# REQUIRED ACTION:
An exact copy of every entry is needed, with the images left out.

# EXERCISE DATA:

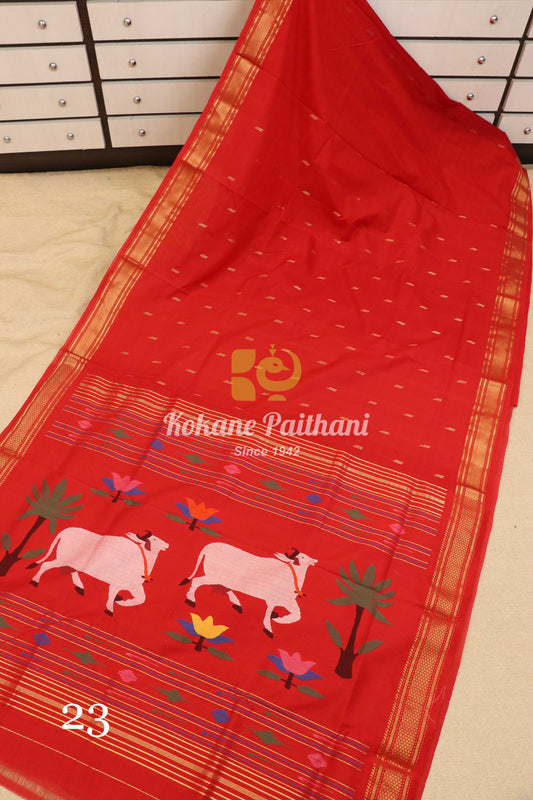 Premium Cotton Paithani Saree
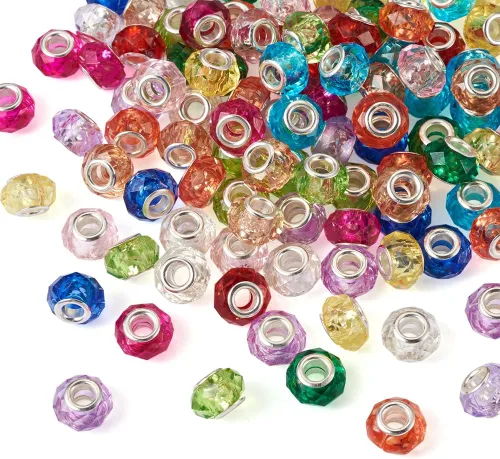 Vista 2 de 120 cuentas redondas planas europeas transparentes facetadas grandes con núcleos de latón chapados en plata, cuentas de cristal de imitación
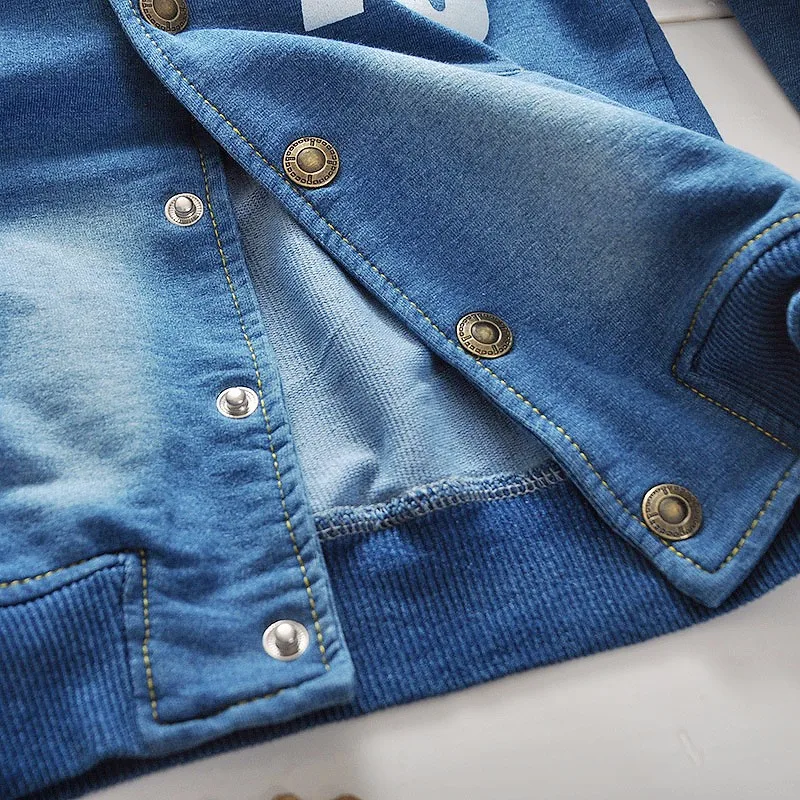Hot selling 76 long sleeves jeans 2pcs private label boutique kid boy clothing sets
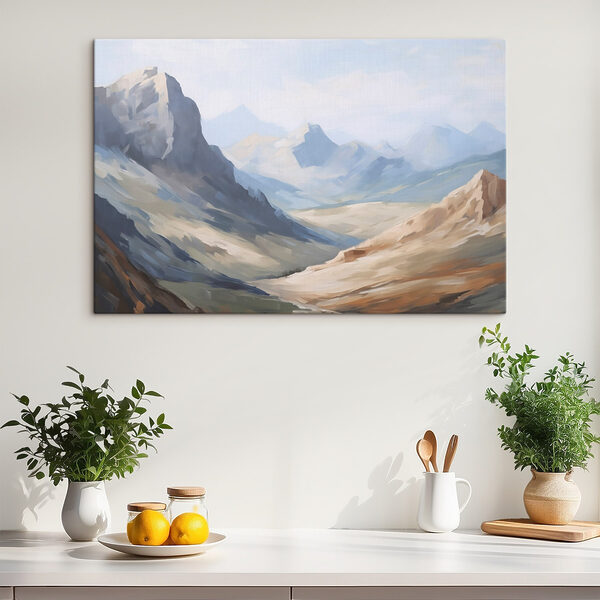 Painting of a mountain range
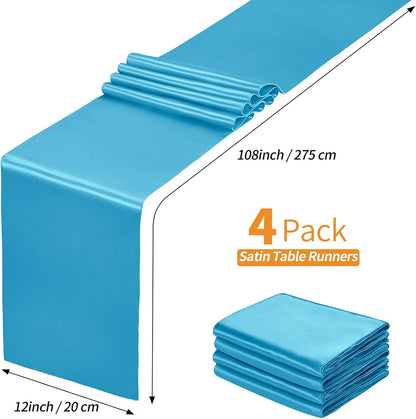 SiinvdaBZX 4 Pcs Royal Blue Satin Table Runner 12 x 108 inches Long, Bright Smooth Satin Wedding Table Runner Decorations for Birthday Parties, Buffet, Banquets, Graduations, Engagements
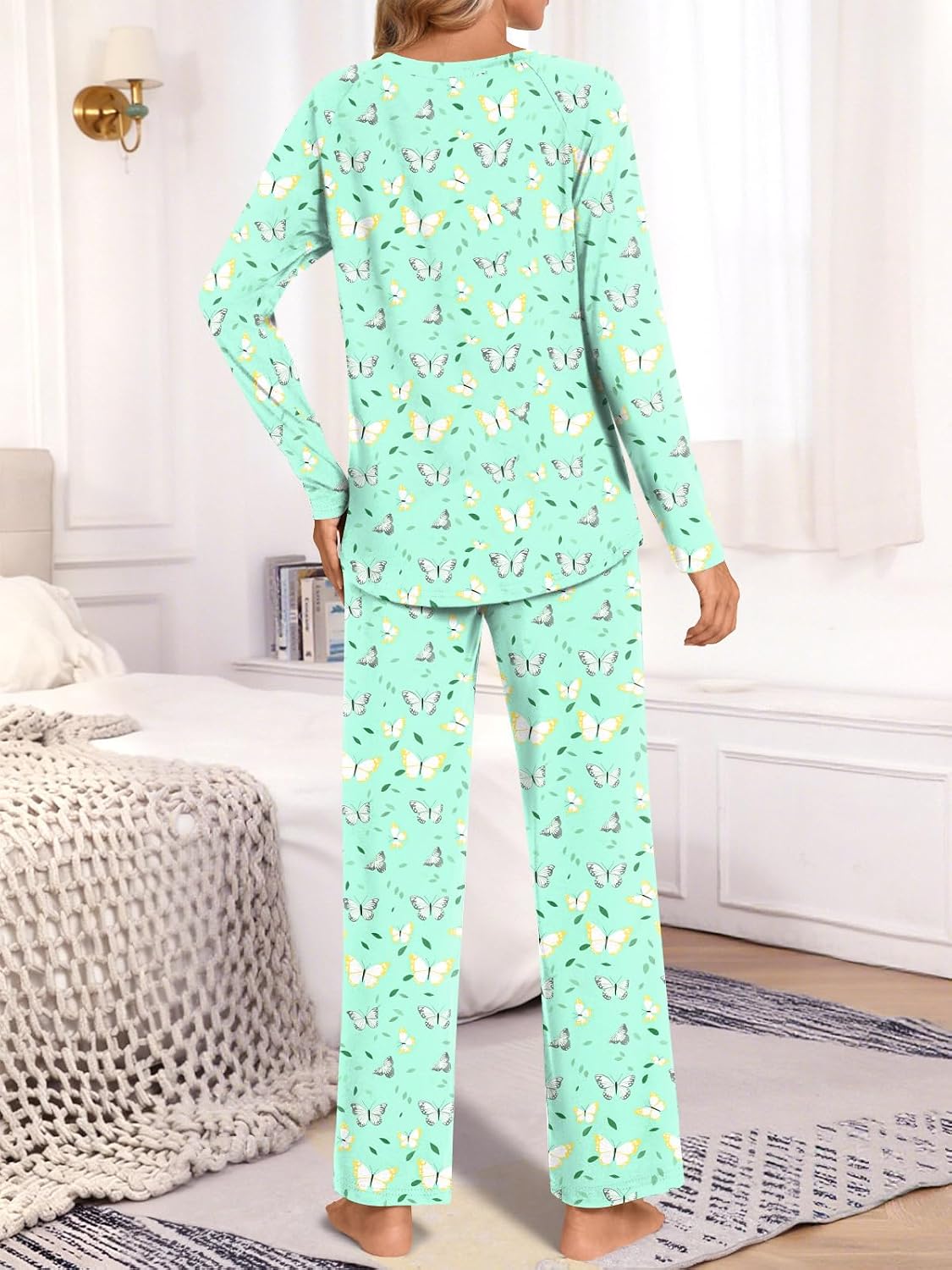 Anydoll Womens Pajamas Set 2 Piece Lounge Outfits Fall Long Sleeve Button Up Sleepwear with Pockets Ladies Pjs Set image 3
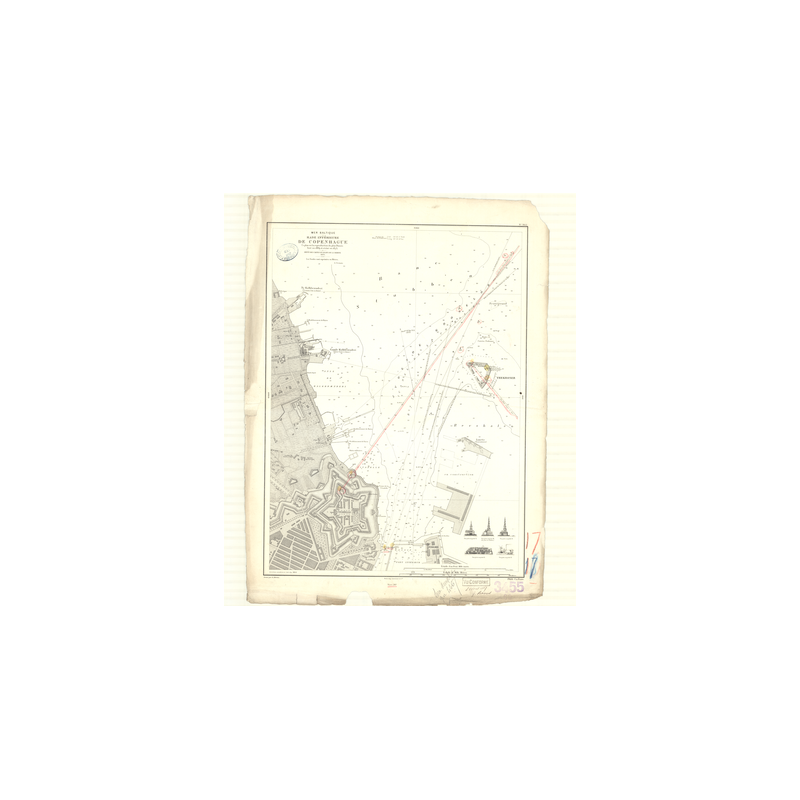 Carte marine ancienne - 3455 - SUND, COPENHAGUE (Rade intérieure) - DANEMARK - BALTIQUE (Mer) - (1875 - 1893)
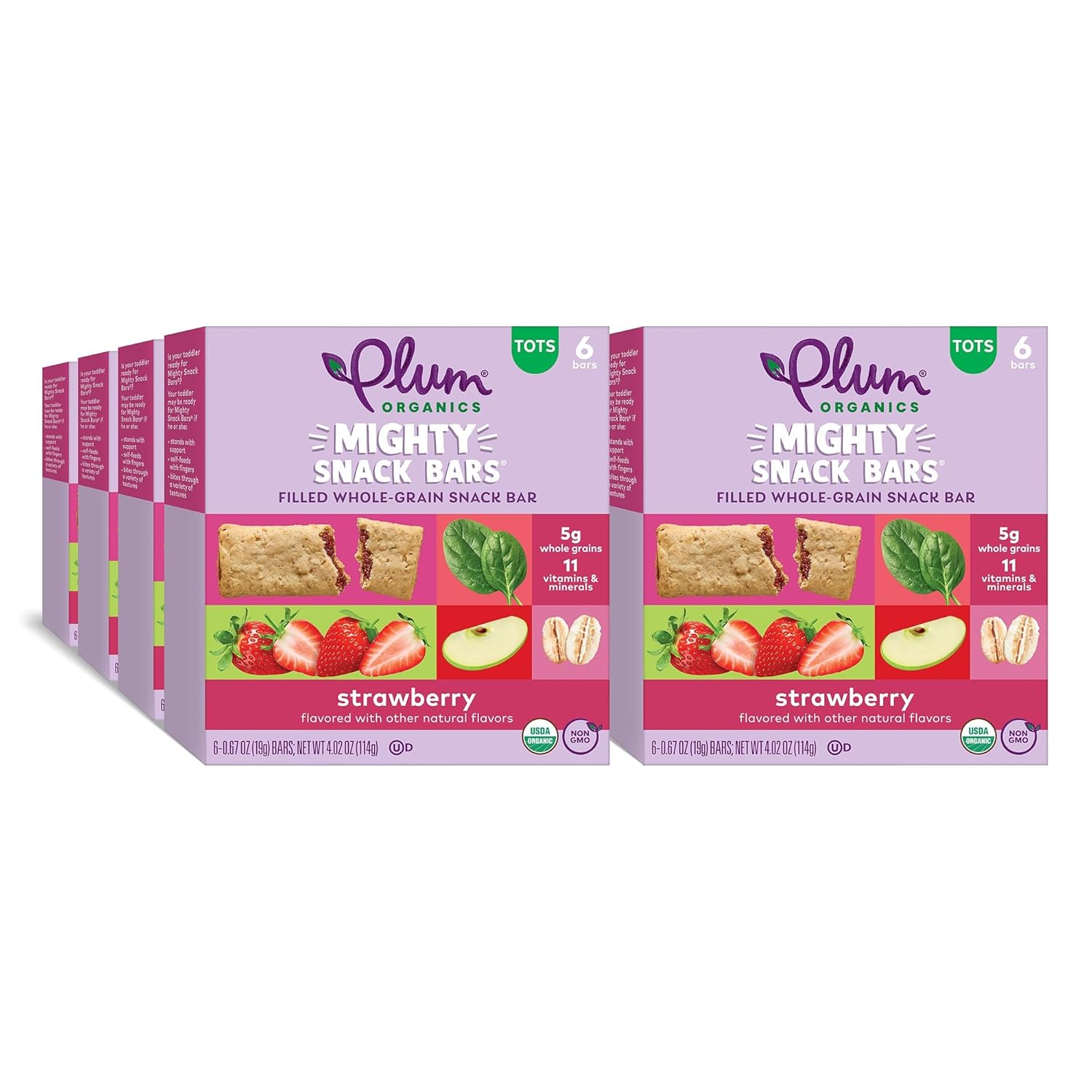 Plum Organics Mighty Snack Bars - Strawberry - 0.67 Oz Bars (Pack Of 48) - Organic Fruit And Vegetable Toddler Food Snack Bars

# ANSWER TO THE PROBLEM:
 Premium Cotton Paithani Saree
 Vista 2 de 120 cuentas redondas planas europeas transparentes facetadas grandes con núcleos de latón chapados en plata, cuentas de cristal de imitación
Hot selling 76 long sleeves jeans 2pcs private label boutique kid boy clothing sets
 Painting of a mountain range
 SiinvdaBZX 4 Pcs Royal Blue Satin Table Runner 12 x 108 inches Long, Bright Smooth Satin Wedding Table Runner Decorations for Birthday Parties, Buffet, Banquets, Graduations, Engagements
 Anydoll Womens Pajamas Set 2 Piece Lounge Outfits Fall Long Sleeve Button Up Sleepwear with Pockets Ladies Pjs Set image 3
 Carte marine ancienne - 3455 - SUND, COPENHAGUE (Rade intérieure) - DANEMARK - BALTIQUE (Mer) - (1875 - 1893)
 Plum Organics Mighty Snack Bars - Strawberry - 0.67 Oz Bars (Pack Of 48) - Organic Fruit And Vegetable Toddler Food Snack Bars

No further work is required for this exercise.